I can see why such a map would be positive, as one can diagonalise write the matrices such that $A$ is diagonal, and we know that $V^\dagger V$ is positive, so multiplying would cause it to remain positive.
But how would one prove that such a map is completely positive?
On
If $\phi(A) = V^\dagger A V$, then we find that $$ \begin{align} (\phi \otimes \operatorname{id}_{M_k})(A \otimes B) &= \phi(A) \otimes B = (V^\dagger A V) \otimes B \\ & = (V \otimes \operatorname{id}_{\Bbb C^k}) (A \otimes B)(V \otimes \operatorname{id}_{\Bbb C^k})^\dagger \end{align} $$ so that $(\phi \otimes \operatorname{id}_{M_k})(C) = (V \otimes \operatorname{id}_{\Bbb C^k}) C(V \otimes \operatorname{id}_{\Bbb C^k})^\dagger$. It follows that $\phi \otimes \operatorname{id}_{M_k}$ is a positive map for all $k$, which is to say that $\phi$ is completely positive.

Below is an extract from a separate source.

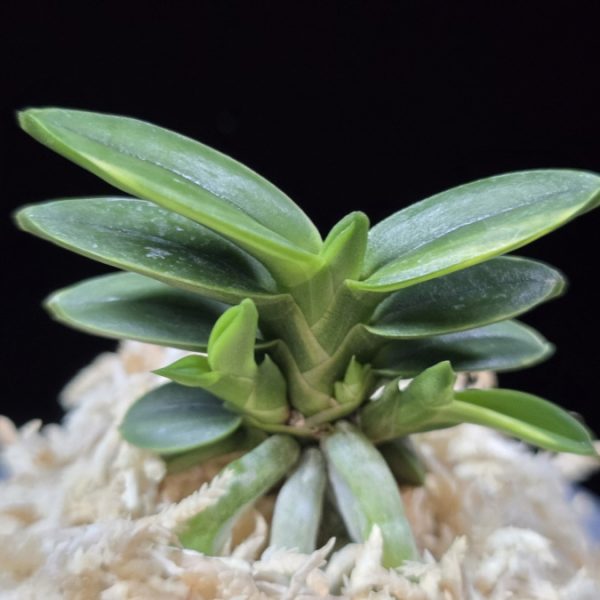 취월호 翠月湖 Chwiwolho(Seedling)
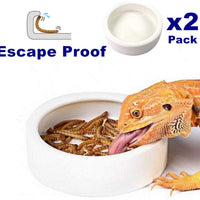 Cuenco de agua para alimentos reptiles – 2 platos de gusano lagarto Gecko cerámico para mascotas, cuencos de gusanos de comida, para camaleón barbudo, cangrejo ermitaño, Dubia, roca, reptil, críquet antiescape, mini alimentador de reptiles - BESTMASCOTA.COM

One equivalent criterion for the positivity of a complex square matrix $M$ is that $v^\dagger Mv\ge0$ for every vector $v$. Now, let $x^\dagger=(x_1^\dagger,x_2^\dagger,\ldots,x_p^\dagger)$ and $y^\dagger=(x_1^\dagger V^\dagger,x_2^\dagger V^\dagger,\ldots,x_p^\dagger V^\dagger)$, where $x_i\in\mathbb C^m$ for each $i$. Then $$ x^\dagger \left(V^\dagger A_{ij}V\right)_{1\le i,j\le p}\,x =y^\dagger \left(A_{ij}\right)_{1\le i,j\le p}\,y \ge0 $$ whenever the block matrix $\left(A_{ij}\right)_{i,j\in\{1,2,\ldots,p\}}$ is positive. Hence $A\mapsto V^\dagger AV$ is completely positive.